Our lives are increasingly centered on screens at work, at home, and at play. As we spend more time in front of computers, phones, tablets, and other screens, digital eye strain is becoming a serious problem.
Digital eye strain, often known as Computer Vision Syndrome, refers to symptoms caused by prolonged exposure to digital screens. According to the American Optometric Association, the most prevalent symptoms are eyestrain, headaches, impaired vision, dry eyes, and neck and shoulder pain. The symptoms frequently develop as you spend more time in front of a screen.
Though minimizing screen time is the simplest approach, this is not an option for many of us who use computers at work. The good news is that you can do some simple things to make your screen time more comfortable and less harmful to your eyes.
1. Take a breather
According to the American Optometric Association, the 20-20-20 rule states that every 20 minutes, take a 20-second break to focus on something 20 feet away.

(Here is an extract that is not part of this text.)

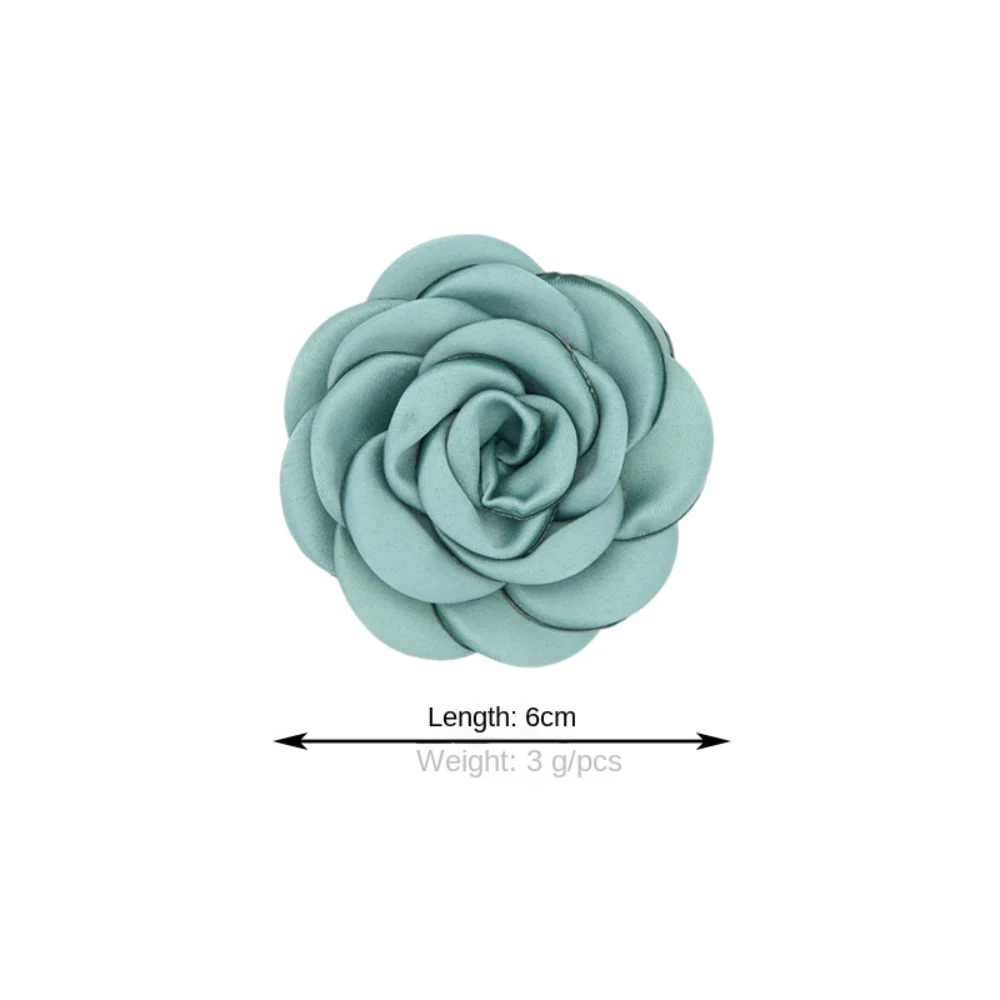 Satin Rose Fabric Artificial Flower Handmade Camellia Flower Dress Decoration Wedding Brooch Hair Accessory Clothing Accessory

This allows your eyes to rest from staring at something near your face and refocus. It would be best to give your eyes a 15-minute break from screens after every two hours of work.
2. Adjust the computer screen’s position
Because most people find it more comfortable to view a computer while looking downward slightly, your computer should ideally be positioned about 20-28 inches from the eye and about 4 or 5 inches below eye level.
3. Use an anti-glare screen or adjust the lighting to avoid glare
Adjust your computer screen to avoid glare from windows or overhead lighting. If this is not possible in your office or other situation, think about installing a screen glare filter to reduce the amount of light reflected from the screen.
When undertaking extensive digital work, your blink rate normally declines. Thus it would help if you consciously make an effort to blink to maintain your corneas coated. A deliberate effort to blink every 10 to 15 seconds will reduce your chances of acquiring the dry eye and keep your vision clearer while working.
5. Experiment with palming
Palming is an eye meditation technique. It consists of closing your eyes and covering them with the centers of your palms. Relax your eye muscles and your shoulders and neck as you take long, steady breaths. Tension in your shoulders and neck can lead to eye strain, so relaxing that area with a massage or deep breathing will help.
Regular eye exams are also important for monitoring and alleviating the symptoms of digital eye strain. The most crucial part is to pay attention to your eyes and provide them with the necessary rest and adjustments.
If you have trouble separating yourself from your work, setting a timer can help you remember to take a break. If you follow these guidelines, you should be able to continue working on computers without pain or strain.